* **TASK DETAILS**
The line with "K&N Filter 1in" marks the first line to copy, and the line with "Mô tơ quạt dàn" marks the last. Transcribe that stretch of the data below exactly, without pictures.
START SOURCE INFORMATION
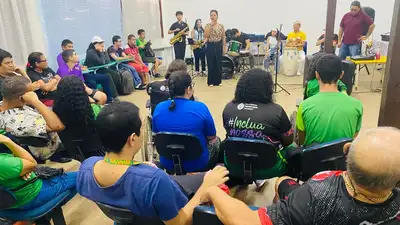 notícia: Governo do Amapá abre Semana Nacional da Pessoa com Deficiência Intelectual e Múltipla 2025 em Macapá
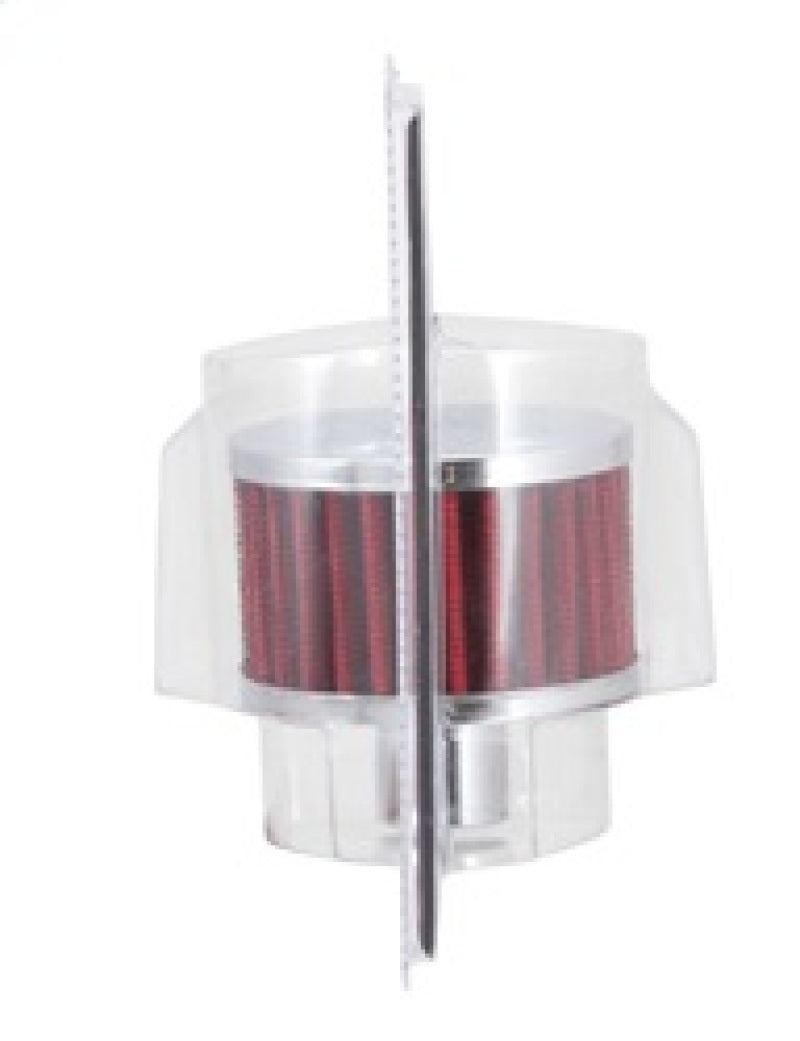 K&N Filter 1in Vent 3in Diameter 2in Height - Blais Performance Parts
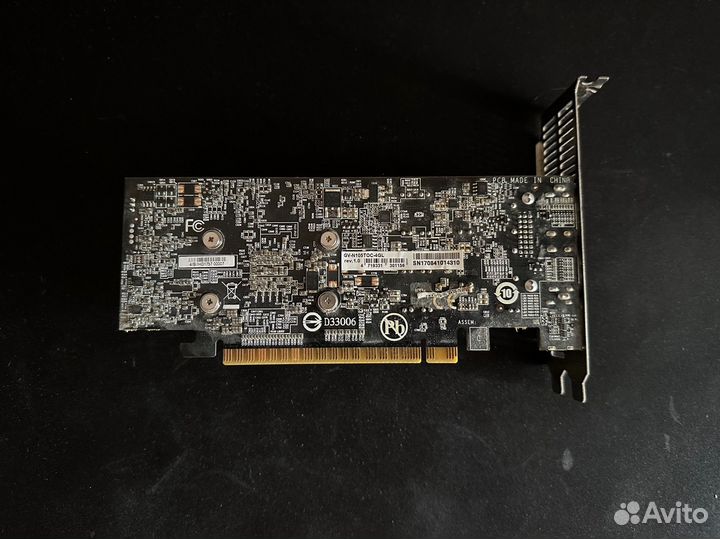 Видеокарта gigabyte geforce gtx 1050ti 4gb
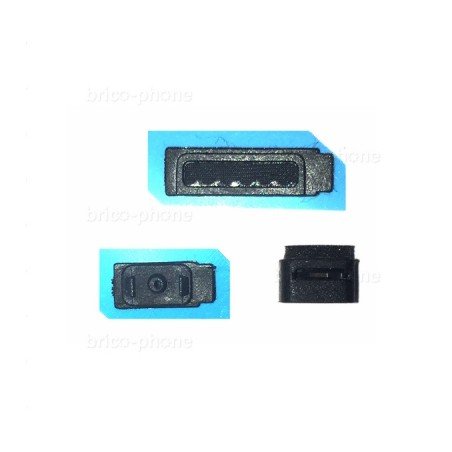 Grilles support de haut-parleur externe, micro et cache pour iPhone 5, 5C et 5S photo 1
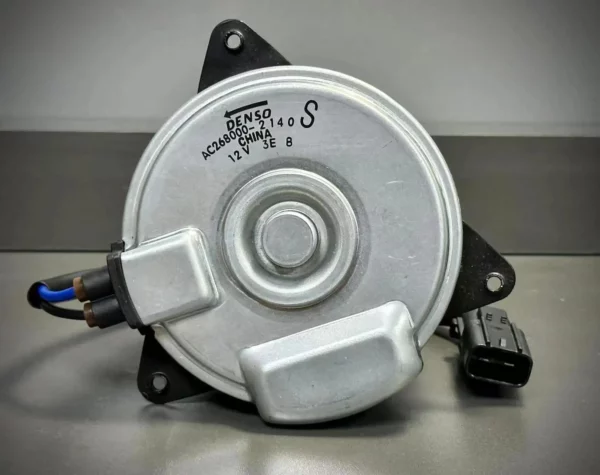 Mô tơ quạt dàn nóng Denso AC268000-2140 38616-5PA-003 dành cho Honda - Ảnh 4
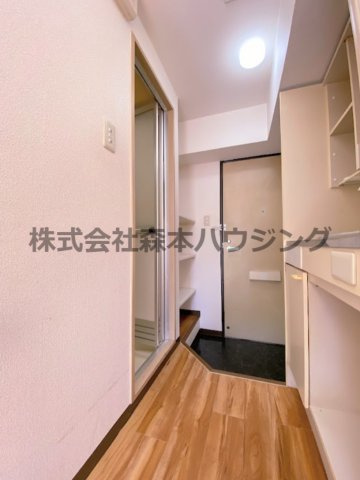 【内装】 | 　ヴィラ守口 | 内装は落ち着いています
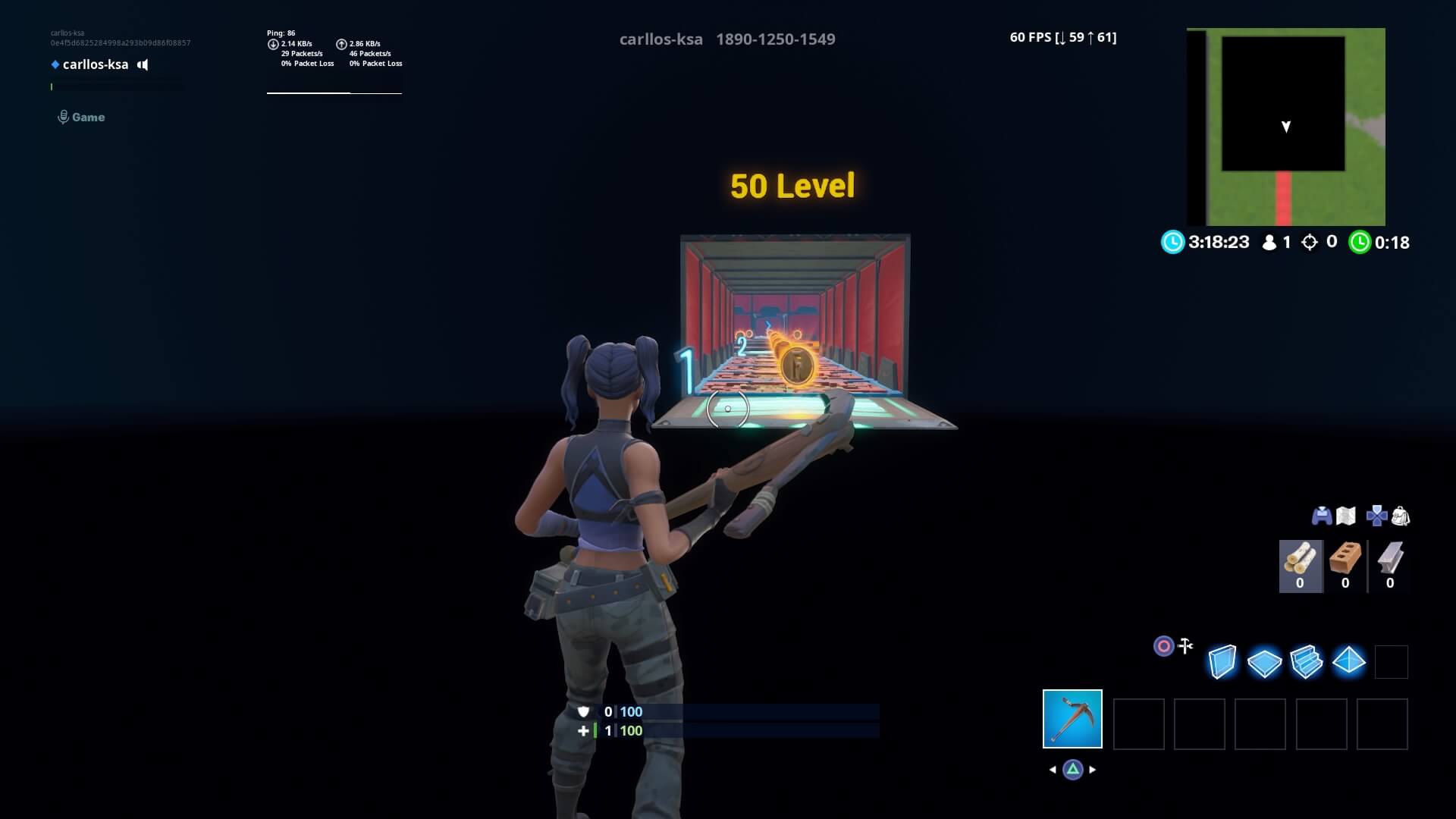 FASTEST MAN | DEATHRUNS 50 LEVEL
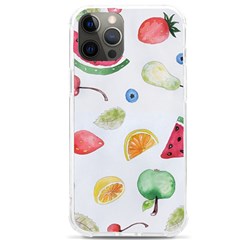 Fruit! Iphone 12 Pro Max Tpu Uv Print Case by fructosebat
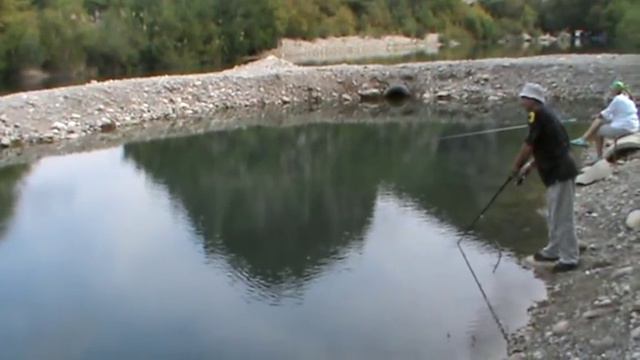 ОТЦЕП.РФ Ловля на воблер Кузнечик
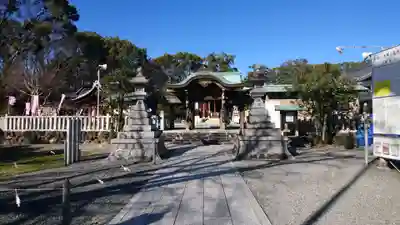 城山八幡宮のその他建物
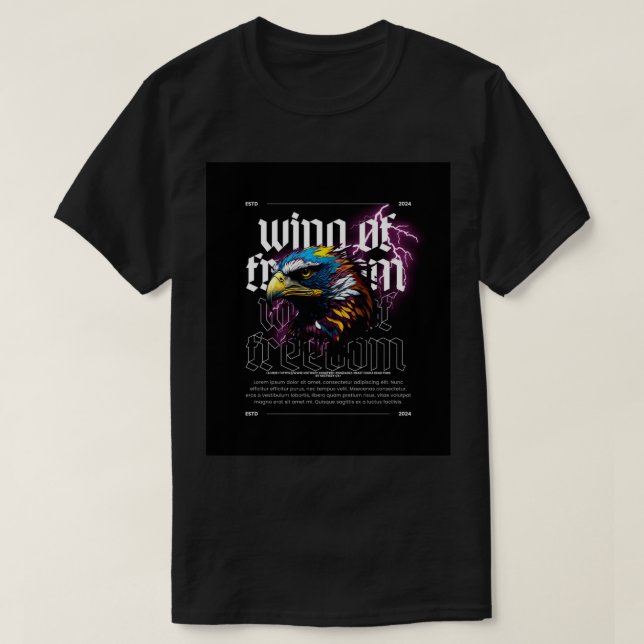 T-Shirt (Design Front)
END SOURCE INFORMATION
START SOURCE INFORMATION
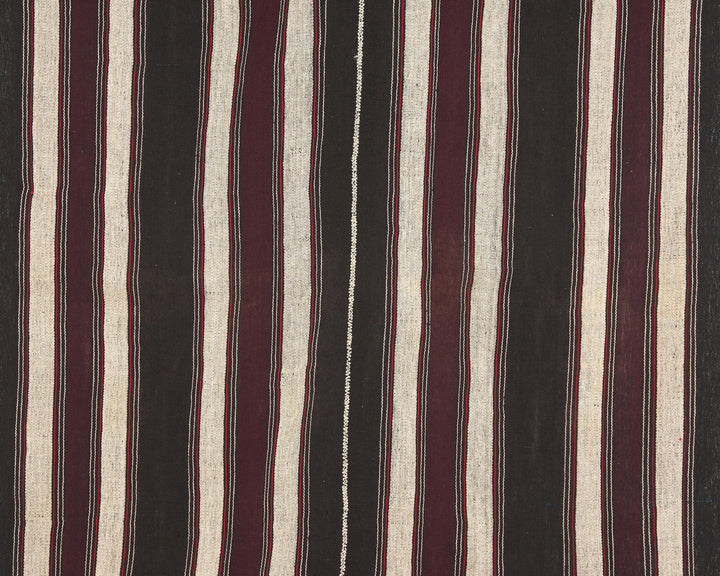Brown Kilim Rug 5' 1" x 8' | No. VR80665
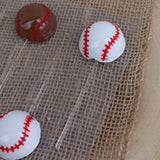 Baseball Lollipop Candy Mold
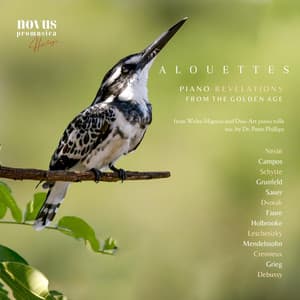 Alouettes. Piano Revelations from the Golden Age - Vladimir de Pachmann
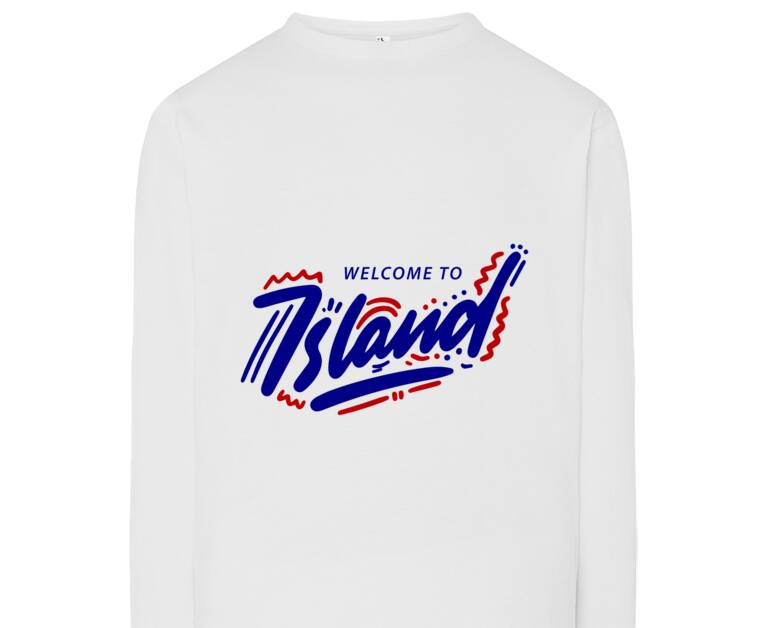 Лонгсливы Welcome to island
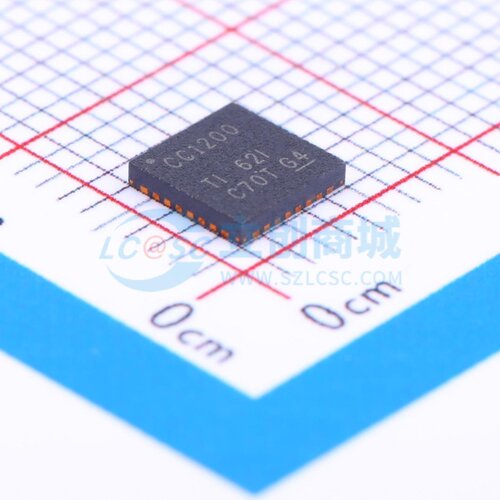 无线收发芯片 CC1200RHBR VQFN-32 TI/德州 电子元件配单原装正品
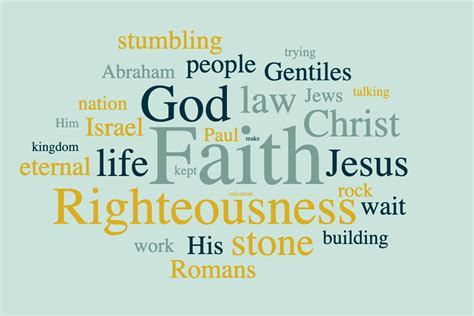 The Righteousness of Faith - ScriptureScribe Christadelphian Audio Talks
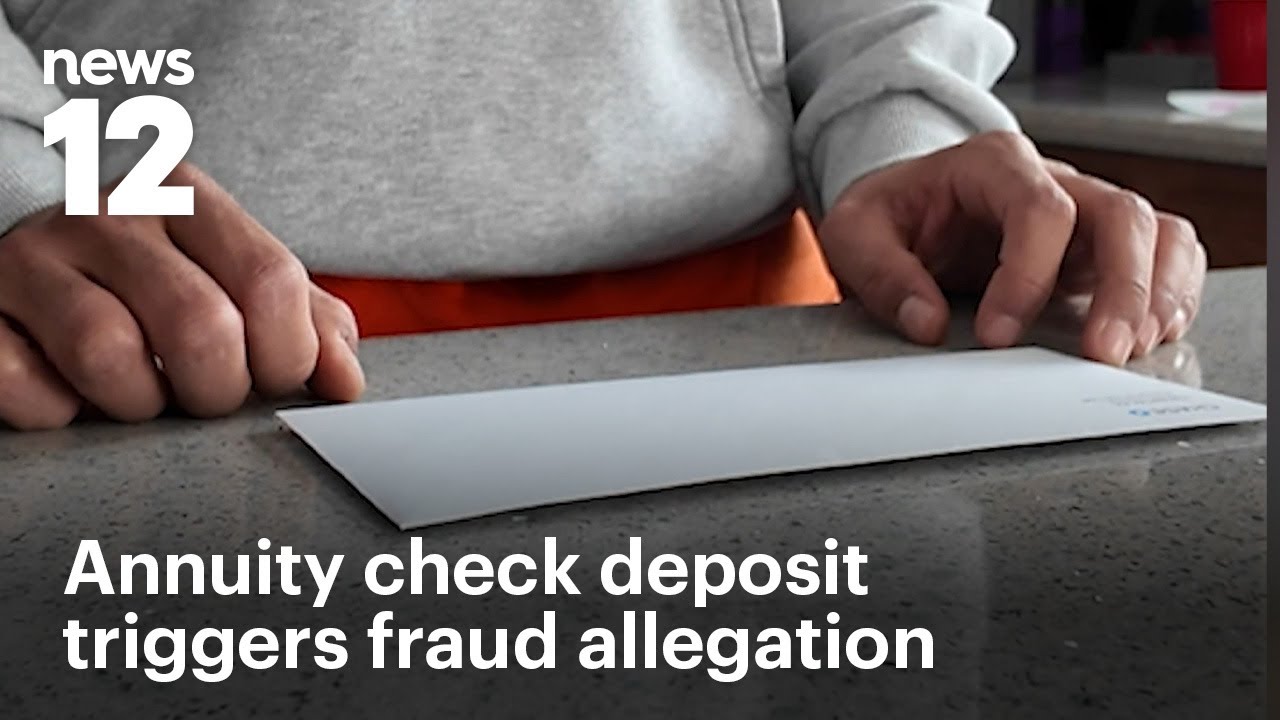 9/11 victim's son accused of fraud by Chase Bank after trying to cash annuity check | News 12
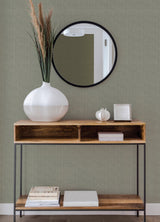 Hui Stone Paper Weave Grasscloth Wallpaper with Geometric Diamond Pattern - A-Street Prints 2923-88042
END SOURCE INFORMATION
START SOURCE INFORMATION
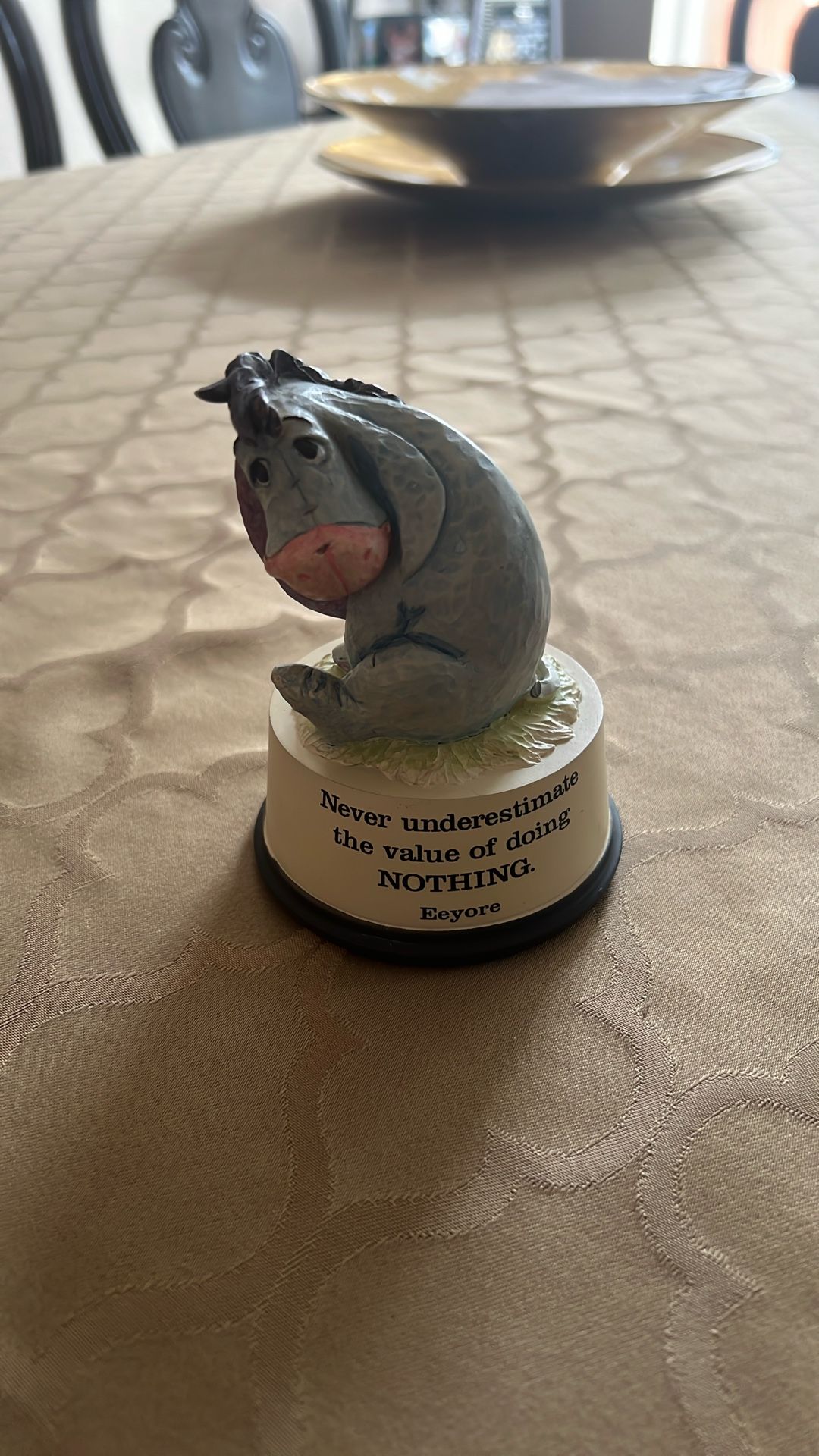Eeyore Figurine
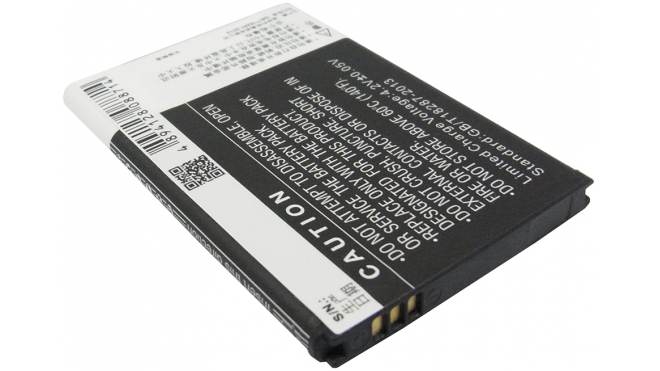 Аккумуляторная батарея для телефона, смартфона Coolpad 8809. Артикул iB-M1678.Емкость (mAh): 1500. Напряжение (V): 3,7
END SOURCE INFORMATION
* **ANSWER BELOW**
 K&N Filter 1in Vent 3in Diameter 2in Height - Blais Performance Parts
 Видеокарта gigabyte geforce gtx 1050ti 4gb
 Grilles support de haut-parleur externe, micro et cache pour iPhone 5, 5C et 5S photo 1
 Mô tơ quạt dàn nóng Denso AC268000-2140 38616-5PA-003 dành cho Honda - Ảnh 4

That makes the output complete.